What I am interested in in practice is to be able to model "how many binary digits (bits) will a digital representation of nCr(a,b)" have? A guess of 1 or 2 too many bits are acceptable, but a guess of 1 or 2 too few bits are not. So the problem is a bit un-symmetric. Errors in one direction are catastrophically problematic (unable to represent the number) but errors in the other direction "only" cause an unnecessary extra percentage of bits stored.
Actually calculating factorials will not be considered easy enough. On the other hand, the simplest of approximations like $nCr(a,b) \leq 2^a$ will be considered too sloppy.
Own work what I have tried on my own is to calculate the number of bits of all numbers, then fit low order polynomials to the bit count, then rounded the estimation to closest integer. In the case of too few bits I have updated the constant term by as much as to give a 0.01 margin that every number gets rounded right.
If I do this, I will for
- 2:nd degree polynomial get 2.82 % unnecessary bits.
- 3:rd degree polynomial get 1.96% unnecessary bits.
- 4:th degree polynomial get 1.423% unnecessary bits.
- 5:th degree polynomial get 1.1356%
- 6:th degree polynomial get 0.9258%
- 7:th degree polynomial get 0.7823%
For higher order polynomials it seems I get numerical issues.

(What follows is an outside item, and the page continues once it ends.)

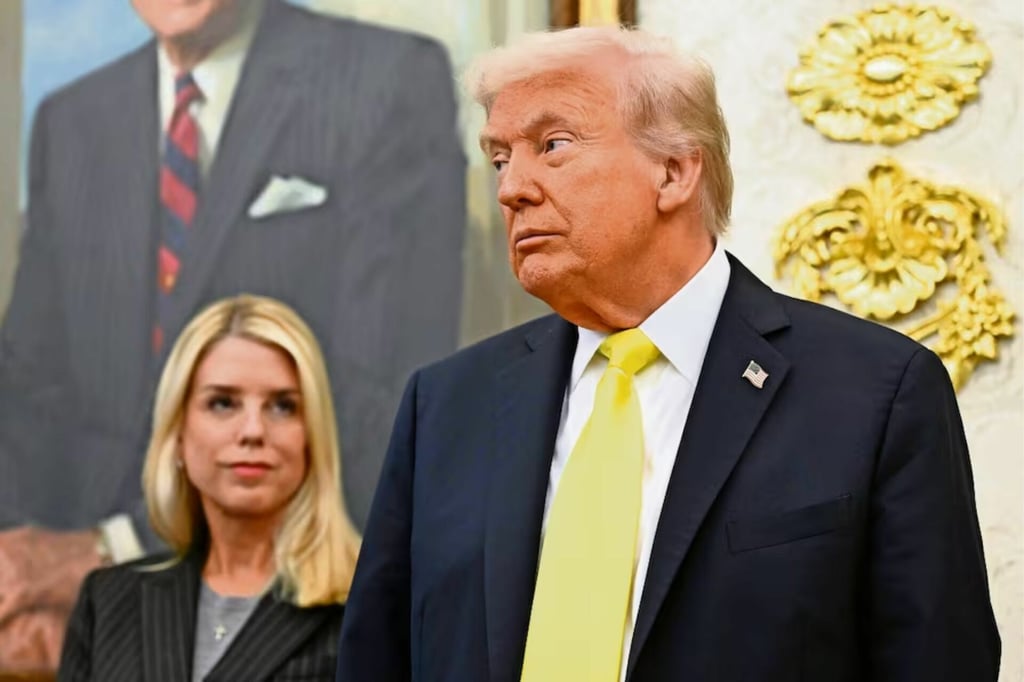 Irán aspira a la libertad y EU está 'listo para ayudar', afirma Trump; podría ordenar ataques militares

Perhaps I need to apply regularization or come up with a smarter way than just adjusting the constant term when too few bits are predicted.
Here is a visualization of what I am trying to do. Y axis is the number $a$ as a binary number. Yellow means set bit (digit 1), blue means unset bit (digit 0). The red curve is the model. It is fit with regression using a polynomial model against the uppermost yellow a for every b. It should roughly be the same as a polynomial fit against 2-logarithm of $nCr(a,b)$.
The goal is to as closely as possible capture how many bits are required for each value of nCr.
Edit the lower portions of zeroes in the graph seem to be a numerical error due to me using floating point arithmetics and poor choice of calculations.
Update
For practical reasons I have for now settled for using the rather crude estimation $nCr(a,b) \leq 2^a$ capped to octets, i.e. $8\cdot \lceil a/8 \rceil$ bits assigned to every such number. It still helps shrink the required memory quite a bit.
Storing $0\leq a \leq 2048$ took over 1GB using a naiive table not utilizing triangular structure and symmetry - simply storing 2048 bits for every single number. With some smarter book-keeping I got it down to ~260 MB and with the mentioned octet-capping down to ~180 MB. It is sure that more memory can be saved by using for example LeonBloys estimate. But the computational costs in keeping track where all the bits are and to compress and extract them using bit-manipulation will probably affect performance too much. At least for my current applications.